#jackybut like since my site's consistently dynamic, doing that is going to be hard
#jackyI'd have to like build an index and update it every time it changes
[tantek] joined the channel
#[tantek]could be a lot more efficient though, if you're able to do incremental index rebuilds rather than full recrawls
sullenbode and [jgmac1106] joined the channel
#[jgmac1106]jacky are you going to end up with a static copy of your site just for crawl and search purposes? Store just json from mf2 parser for searching?....I just use Google, Bridgy, and twitter
#[jgmac1106]only way I can find anything on my website
plut4rch joined the channel
#[jgmac1106]...come to think about it I do also have a gSheet of every tweet, which also comes from Twitter
#[jgmac1106]maybe what we need a bridgy like index service, not that I even knwo what that would be
#GWGI am doing it for sites that don't support mf2
#bekoGWG: yeah. I link to a lot of sites and not many support microformats at all but most have json-ld cuz google.
#bekoSo I usually check the source and if I find json-ld I understand it as the wish of the site owner to use this data.
#bekoott Medium totally lost it by now. I get Service Unavailable on trying to pre-fetch and checking the website in a browser I get a JS _app_. It totally broke the web by now o0
#GWGIf you have any URLs, add to the issue on the Parse This repo
deltab, [KevinMarks], Guest9645225 and Scarecr0w joined the channel
#bekoGWG: In this specific case I tried to bookmark https://medium.com/@mdiluz/linux-gaming-at-the-dawn-of-the-2020s-a941dd602f61 - and that's not a webpage but an app for me. Knowing Medium I may have run into some sort of A/B testing here. Anyway Parse This gets "Service Unavailable" from this and I suspect it's a message from their webserver and not the HTTP error code 503.
#[schmarty]I found a limitation with Hugo on the small EC2 server I was running it on. It was running out of memory due to 120mb of YouTube JSON metadata in the data folder.
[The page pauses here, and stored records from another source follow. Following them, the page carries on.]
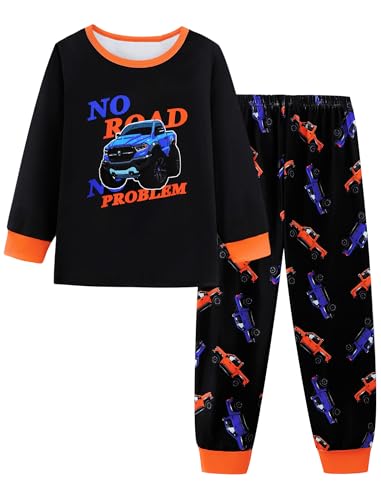 Mikrdoo Boys Pajamas Long Sleeve Soft Stretchy Ribbed Knit PJs for Active Toddlers & Kids Sleepwear 2-12 Years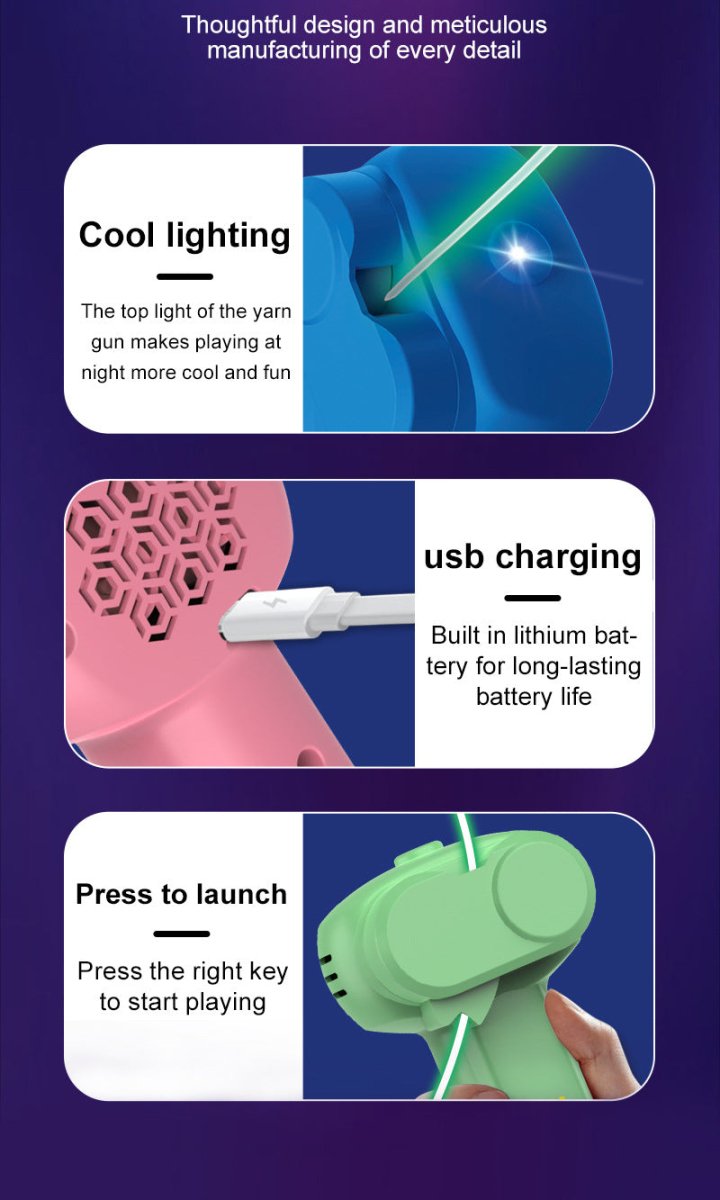 Pink 3 - Meter Glow - in - the - Dark Rope Launcher Toy - Fun Stress Relief for All Ages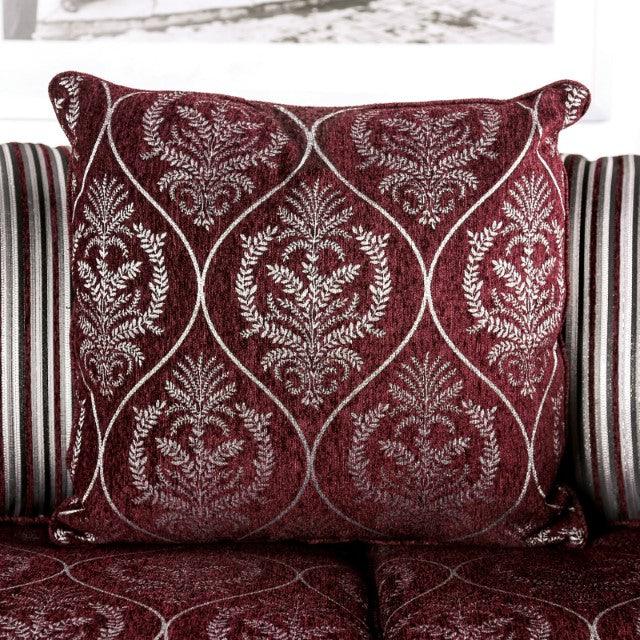 Sassari SM6447-SF Burgundy Traditional Sofa By Furniture Of America - sofafair.com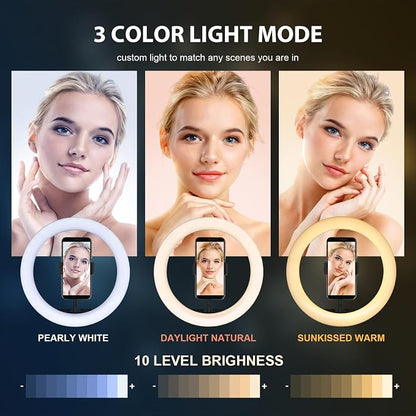 Ring Light with Stand and Phone Holder, 10'' LED Selfie Ring Light with Tripod (17''-73'') Bluetooth Remote for iPad/Tablet/Video Recording/Live Stream/Makeup/YouTube/Photography, 3 Color Modes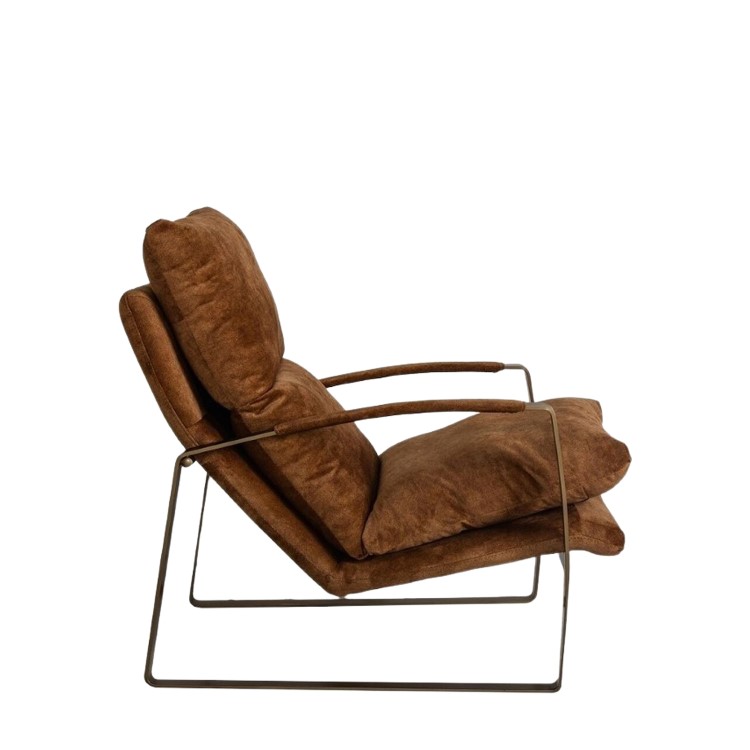 ONLY OPENED - Tan Leather Look Armchair with Gold Frame - Fabien Gallery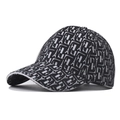 Detailed view of fashionable black and white lattice baseball cap with L letter pattern - Black Lattice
#[schmarty]GWG: it's the JSON metadata output from youtube-dl
#GWG[schmarty]: I am trying to get more metadata from YouTube. Will have to read more closely
#[schmarty]I was being lazy and had my templates pulling directly from those files even though they are mostly very long lists of URLs to chunked files in various formats
#GWGMy problem is that I have, assuming a single URL...the ability to parse OGP, MF2, and now JSON-LD. I need to write a protocol to figure out which has the most useful data on a site without wasting resources
#[schmarty]So I changed my download script to move those bits of data into the markdown files instead, making it possible to delete the raw info files once an episode has been grabbed
#Loqi[[snarfed]] so jacky evidently when you use bridgy publish, elixir sends four identical webmentions to bridgy for it, each just 100ms or so after the last, and bridgy publish's transactionality is a bit brittle. it doesn't do anything wrong, it only POSSEs once,...
#[snarfed]totally harmless, and fixed now on bridgy's side anyway. just funny
#jacky^ that's been causing a bug on my end though where I can't grab the resulting URL (at times, it'll have to wait until the last webmention completes)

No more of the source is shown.